If Tomorrow Never Comes
A Memoir for Henry Kojo Kpodo
It was a little past eleven in the evening when I finally turned in for the night. I sat gingerly on the bed in my room in my boxers and felt a little lost and tired.
I felt the strongest urge to call my sister, the one directly after me. I simply call her Effe and we share a bond that is humbling and strengthening at the same time. Don’t get me wrong, I share a unique bond with each of my sisters. But since she was the first among the lot, I guess I sort of usually seek her first before the others and that is not to say that I don’t love them, I do, with everything I have.
Usually, I get these urgent urges to call when she is either in a spot of distress or something bad is going to happen to a member of our noble family.
But looking at the time, I fought the urge convincing myself that she may be deeply asleep and knowing her, if she wakes by my call, she would not be able to go back to sleep for the rest of the night. I have the same problem too. When my sleep is interrupted, no matter the time and the reason, I will never go back to sleep.
I stretched on the freshly made bed making sure my hands were folded under my head as I stared at the ceiling of the empty room.
It has been another eventful day and I was grateful it was gradually coming to an end. I had moved up and about on different errands and I was happy I got to sleep off the tiredness that came with it.
I knelt by my bedside and started to pray, something I do every day before I go to sleep.
I ended my thirty-minute prayer and fell asleep as soon as my head hit the pillow.

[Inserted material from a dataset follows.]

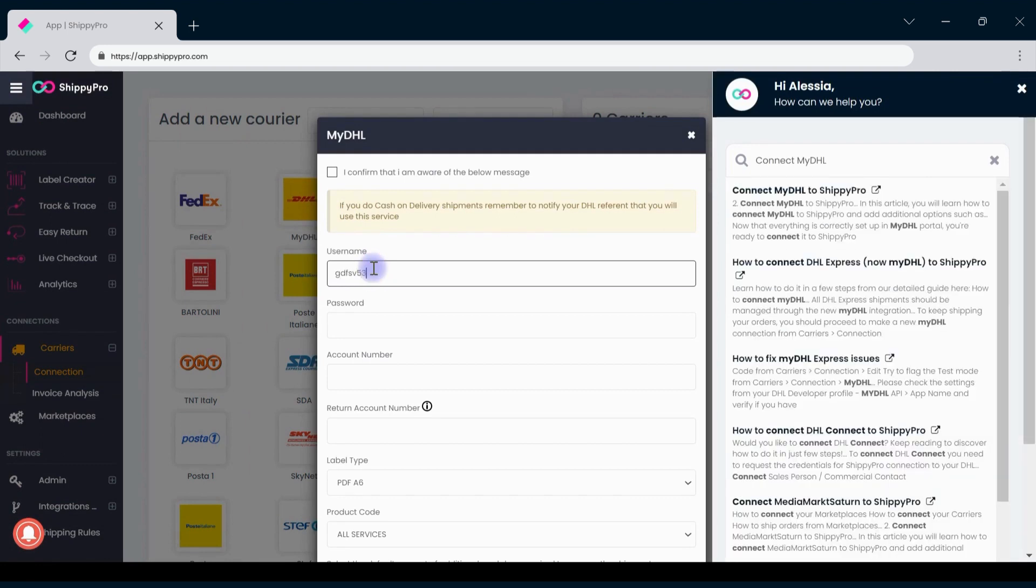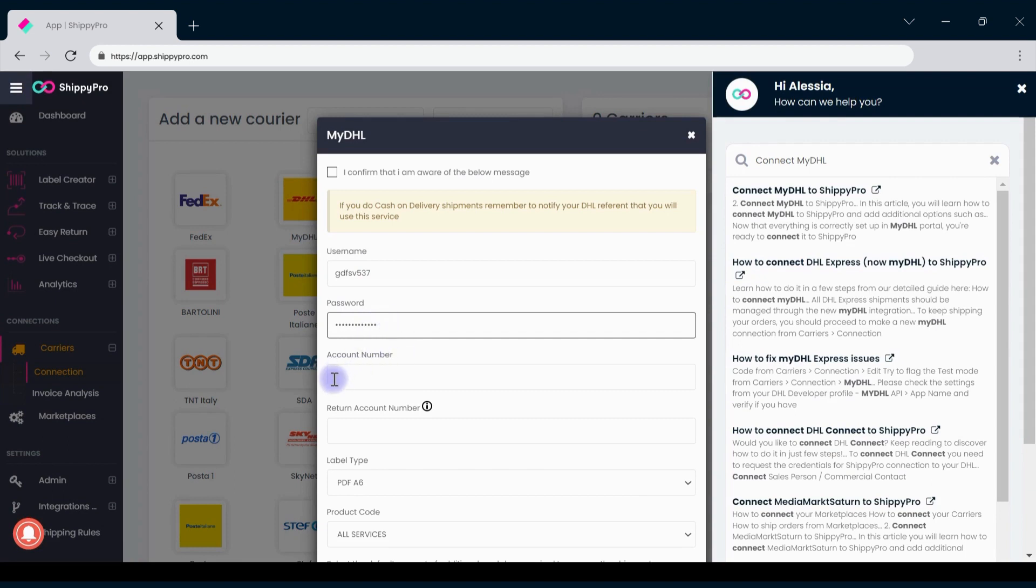Remember that to obtain these details you will have to access your personal area on the MyDHL website. Contact your personal DHL representative for any issue you might have.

An unusual smell assailed my nose and woke me up two hours or so later. I looked around in the darkness but saw nothing. Suddenly, I felt a strong urge to throw up. I got to my feet and rushed outside. It took a while since I had to completely unlock the bars and bolts I had used to secure our home but I was able to hold it in somehow. I felt much better after I vomited but my legs wobbled as I made for my room. I checked on my wife and kids on my way to my bedroom and saw them sleeping soundly. This was like a routine thing ever since they got a separate room and my wife slept with them to keep an eye on them.
My first girl had tilted her neck in an awkward angle so I repositioned her and looked down at their peaceful faces for a while. I suddenly felt lonely and wished there was extra space for me to just slide in but there was none. I left for my room a little after I shook off the blues but stopped halfway through and returned to the room where my family was sleeping. This time, I stood in the doorway and just looked at them, as if it was the last time I was going to see them. There was this sudden feeling of déjà vu I could not place a hand on and grudgingly, I walked to my room after a third check on my immediate family.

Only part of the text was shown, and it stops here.